In your copy, reproduce each entry exactly and include no picture.
──────────
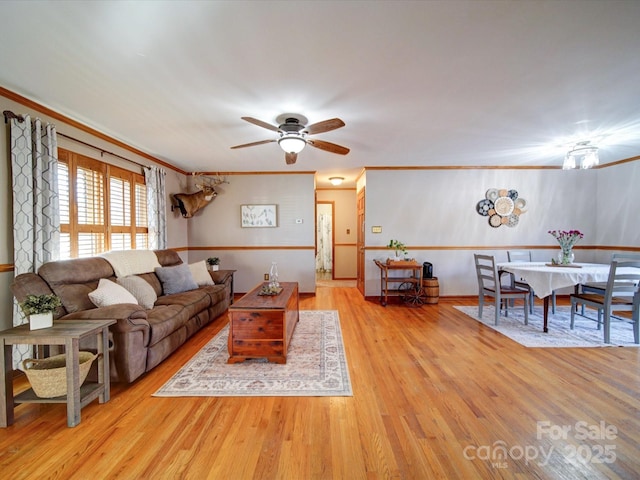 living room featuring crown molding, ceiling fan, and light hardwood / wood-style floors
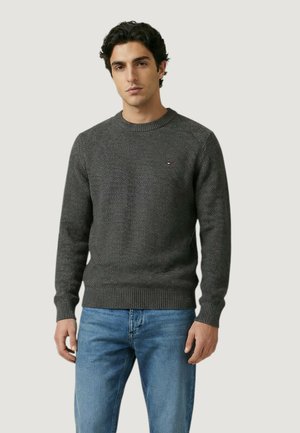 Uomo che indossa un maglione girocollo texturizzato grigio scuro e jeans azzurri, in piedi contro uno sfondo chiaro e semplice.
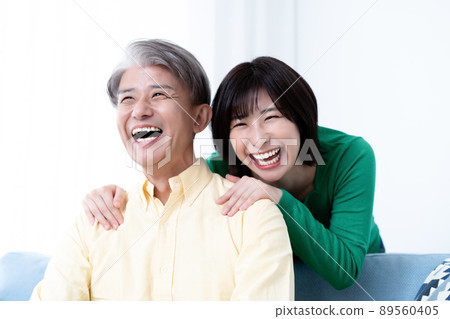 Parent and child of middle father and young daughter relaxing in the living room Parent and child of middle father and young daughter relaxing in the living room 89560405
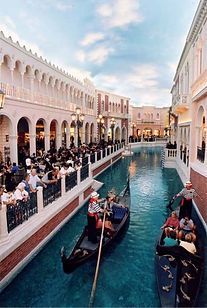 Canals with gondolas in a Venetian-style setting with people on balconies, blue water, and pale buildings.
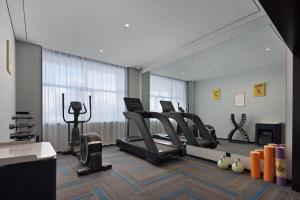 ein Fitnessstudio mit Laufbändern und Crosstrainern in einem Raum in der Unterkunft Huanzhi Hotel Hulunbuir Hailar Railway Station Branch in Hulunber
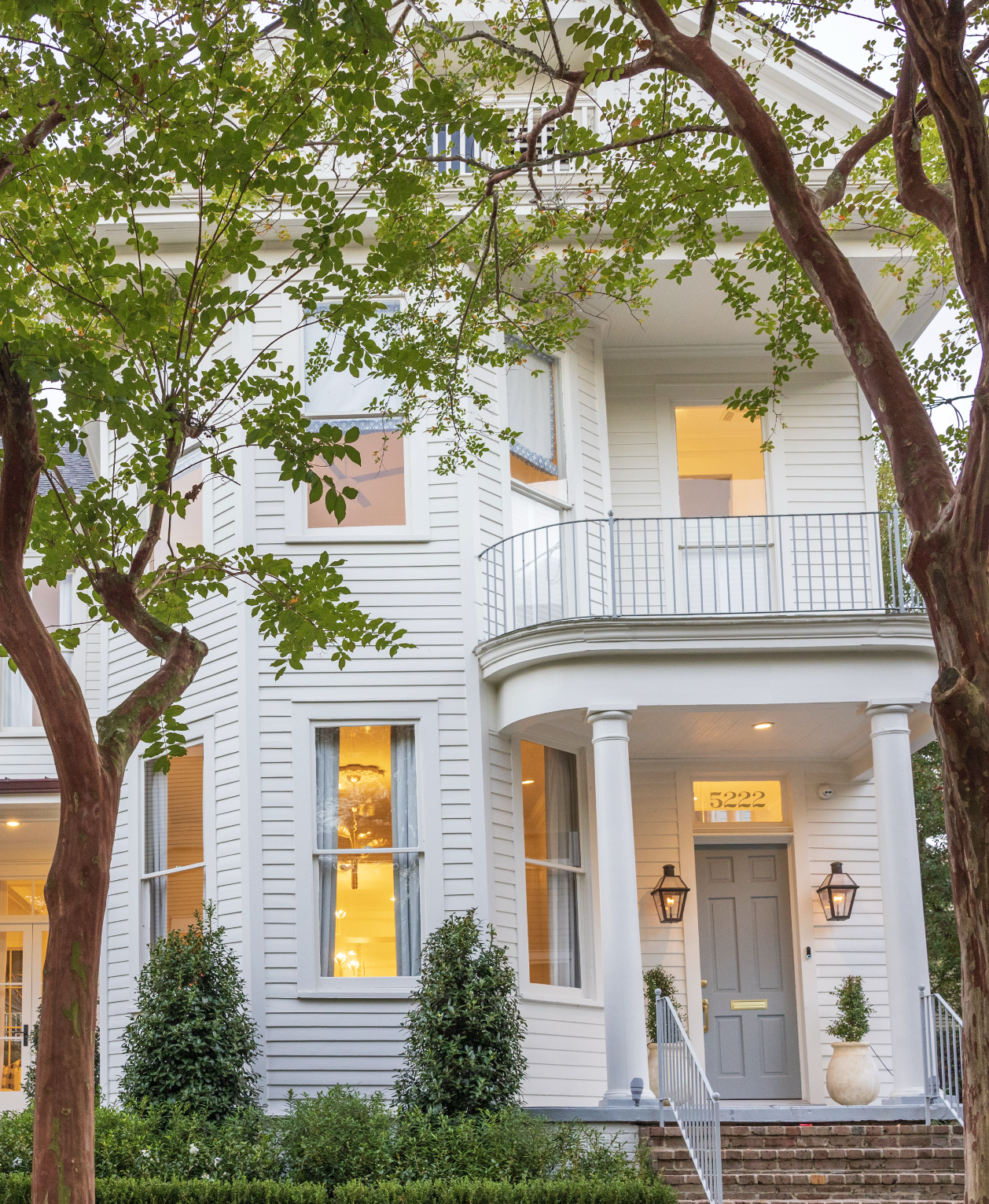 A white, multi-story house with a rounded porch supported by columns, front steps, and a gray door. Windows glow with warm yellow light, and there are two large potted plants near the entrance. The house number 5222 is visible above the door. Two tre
──────────
#### Task output:
 living room featuring crown molding, ceiling fan, and light hardwood / wood-style floors
 Uomo che indossa un maglione girocollo texturizzato grigio scuro e jeans azzurri, in piedi contro uno sfondo chiaro e semplice.
 Parent and child of middle father and young daughter relaxing in the living room Parent and child of middle father and young daughter relaxing in the living room 89560405
 Canals with gondolas in a Venetian-style setting with people on balconies, blue water, and pale buildings.
 ein Fitnessstudio mit Laufbändern und Crosstrainern in einem Raum in der Unterkunft Huanzhi Hotel Hulunbuir Hailar Railway Station Branch in Hulunber
 A white, multi-story house with a rounded porch supported by columns, front steps, and a gray door. Windows glow with warm yellow light, and there are two large potted plants near the entrance. The house number 5222 is visible above the door. Two tre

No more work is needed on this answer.